When the TSA officer spotted the gun in the checkpoint X-ray machine, the Philadelphia Police were alerted and allowed the man to return to the airline counter to properly declare and check the gun with the airport so that it would be transported properly and safely in the belly of the aircraft. TSA forwarded the incident to be followed up with the issuance of a federal financial civil penalty.
“This individual had the proper paperwork and carrying case for his firearm, but he made a big mistake when he brought it to the security checkpoint when he should have taken it to the airline check-in counter to be declared and transported properly for his flight,” said Gerardo Spero, TSA’s Federal Security Director for Philadelphia International Airport. “It is important to know that you can travel with your firearm when it is done correctly, however bringing it to a checkpoint is never allowed because passengers should not have access to firearms during their flight.
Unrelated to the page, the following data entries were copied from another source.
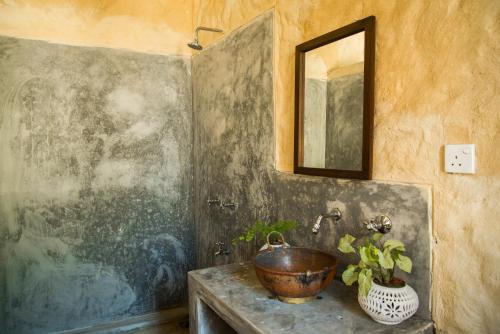 韦利格默Lime & Co Midi的一间带水槽和镜子的浴室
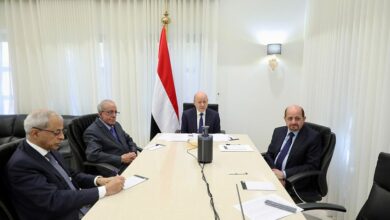 رئيس مجلس القيادة يجتمع بقيادات وزارة الخارجية ورؤساء البعثات الدبلوماسية في الخارج 5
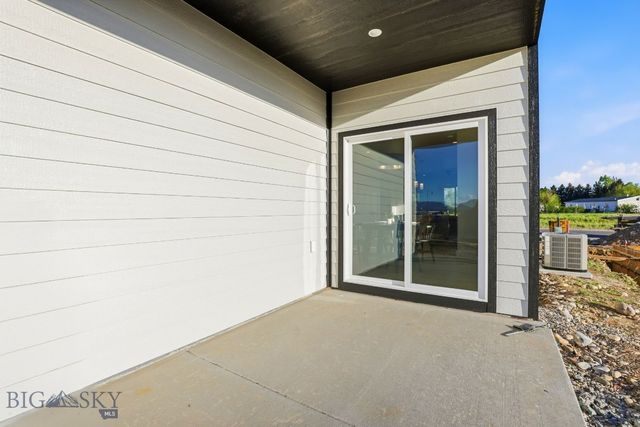 805 Spaniel Lane, Belgrade, MT 59714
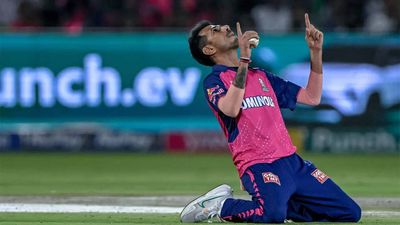 Watch: 'Mere ko peechhe chhor diya kyuki...' - Amit Mishra's cheeky congratulatory message to Yuzvendra Chahal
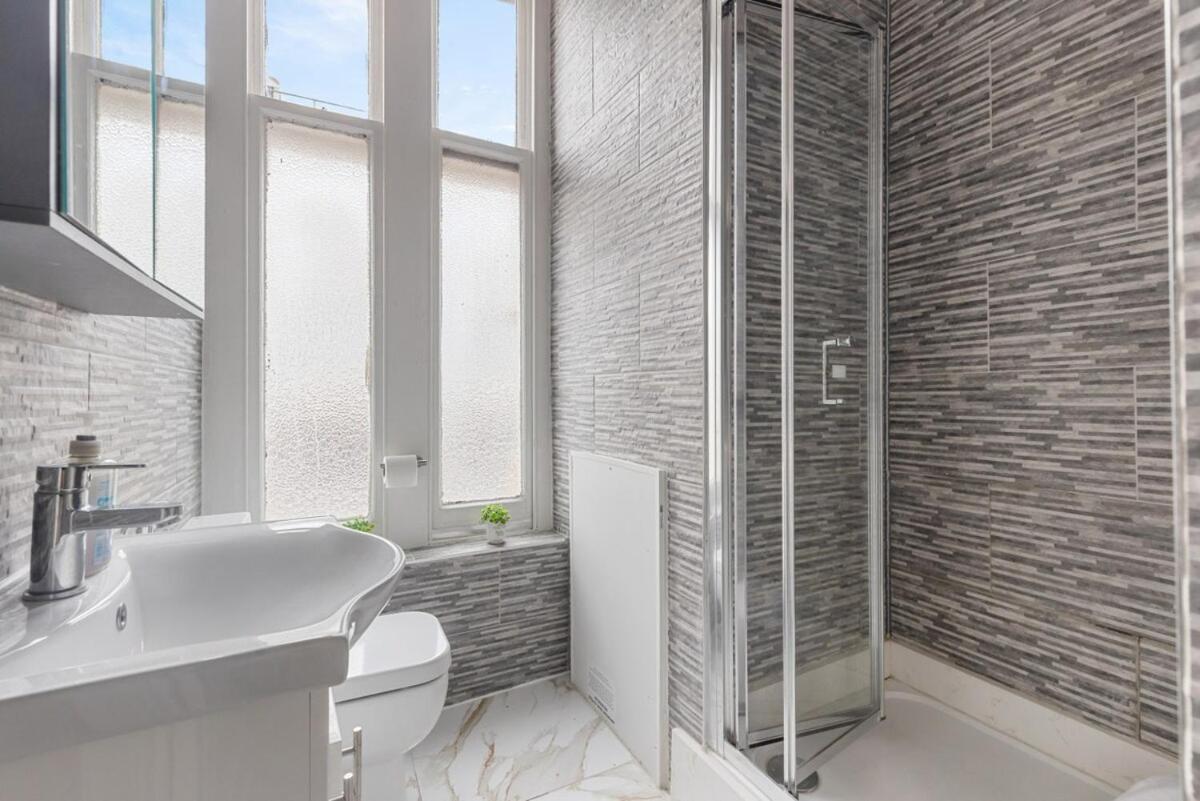 Luxury Two Bedroom In Oxford Street 10gs Apartment London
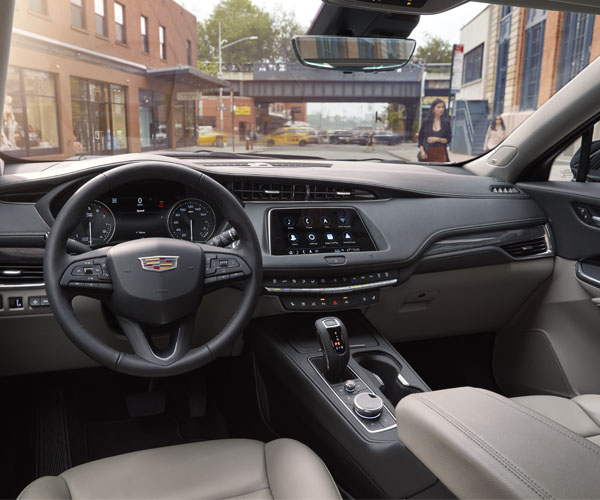 2019 Cadillac XT5 interior features front cabin area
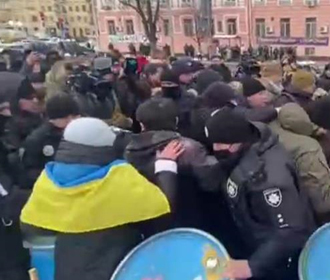 В Киеве под Печерским судом произошли стычки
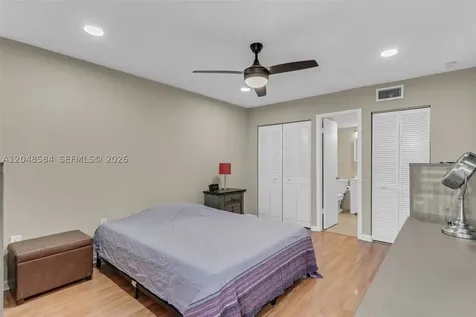 4715 NW 7th Street Miami FL 33126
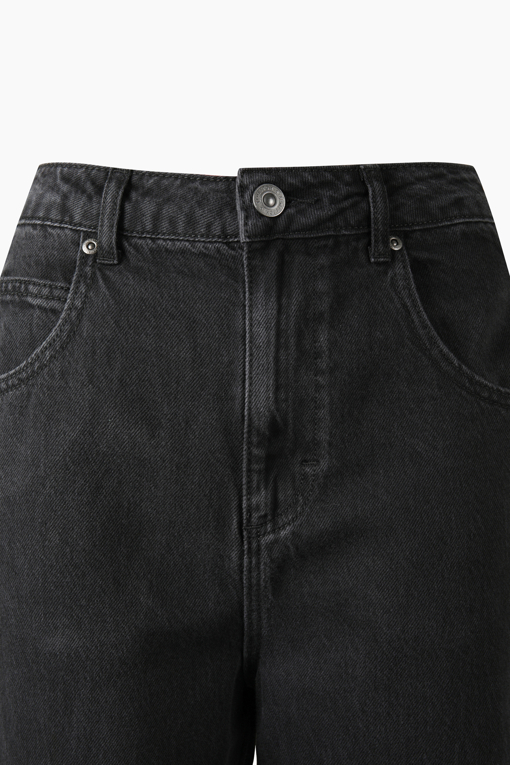 https://img.benettonmall.com/PARTS/KB/26F/BADP16641BK_MB_D2.jpg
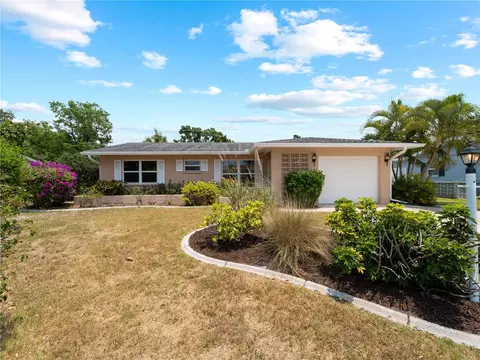 142 Algiers Dr, Venice, FL 34293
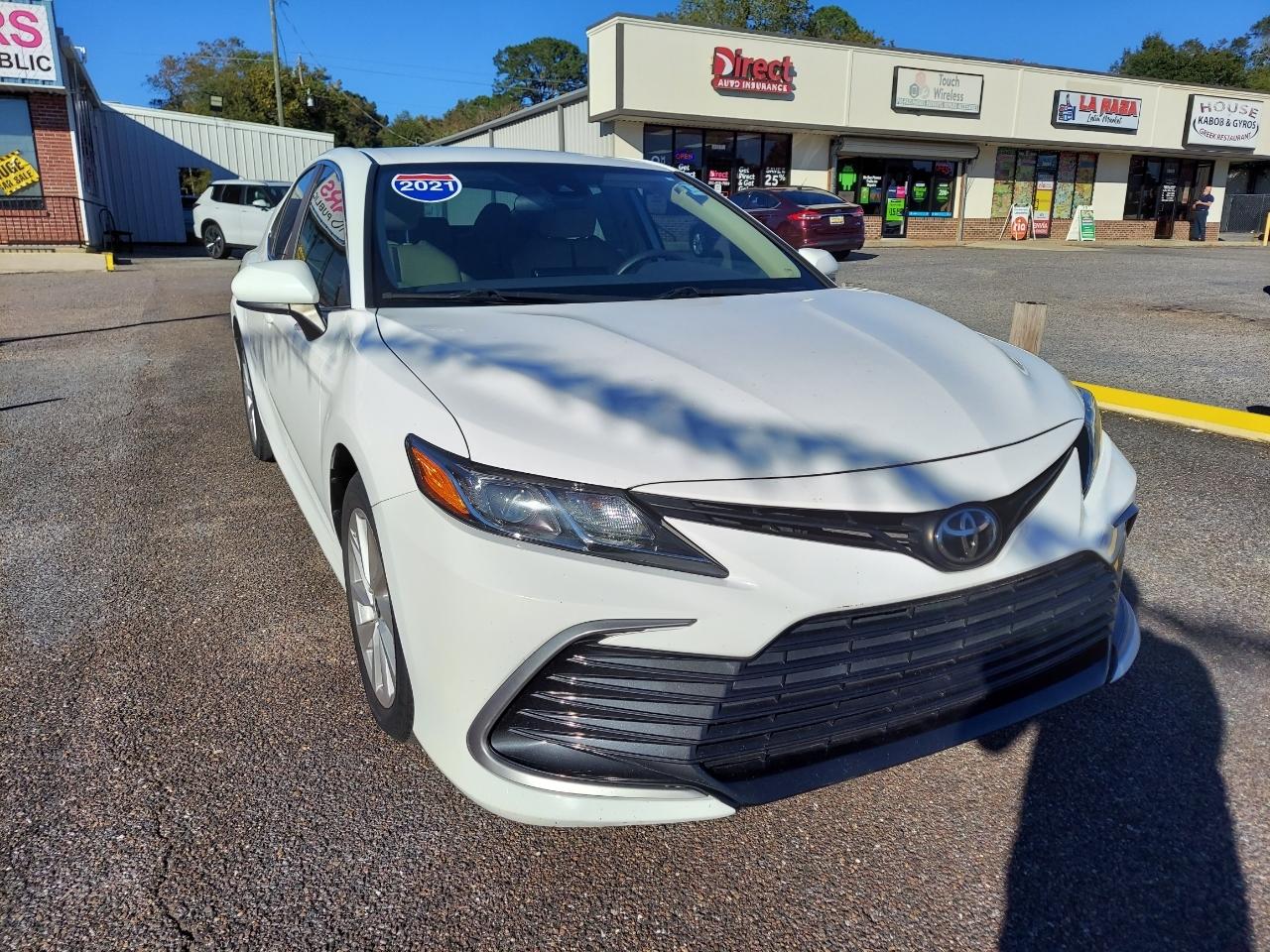 Toyota Camry LE 2021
Hopefully, this incident serves as a reminder to other firearm owners about the proper way to transport their firearms because we have seen too many guns showing up at our security checkpoints this year.”
Travelers are allowed to transport their firearms as checked baggage to be transported in the belly of the plane so that nobody has access to a gun during a flight. Checked firearms must be unloaded, placed in a hard-sided case, locked and packed separately from ammunition. TSA has details on how to properly travel with a firearm posted on its website. Firearm possession laws vary by state and locality and travelers should check into firearm laws before they decide to travel with their guns. Travelers should also contact their airline as they may have additional requirements for traveling with firearms and ammunition.
TSA reserves the right to issue a stiff civil penalty to individuals who bring weapons with them to a checkpoint. Civil penalties for bringing a handgun into a checkpoint can stretch into thousands of dollars, depending on mitigating or aggravating circumstances. This applies to travelers with or without concealed gun carry permits because even though an individual may have a concealed carry permit, it does not allow for a firearm to be carried into an airport or onto an airplane. If a traveler with a gun is a member of TSA PreCheck®, that individual will lose their TSA PreCheck privileges.
When an individual shows up at a checkpoint with a firearm, the checkpoint lane comes to a standstill until the police resolve the incident. Guns at checkpoints can delay travelers from getting to their gates.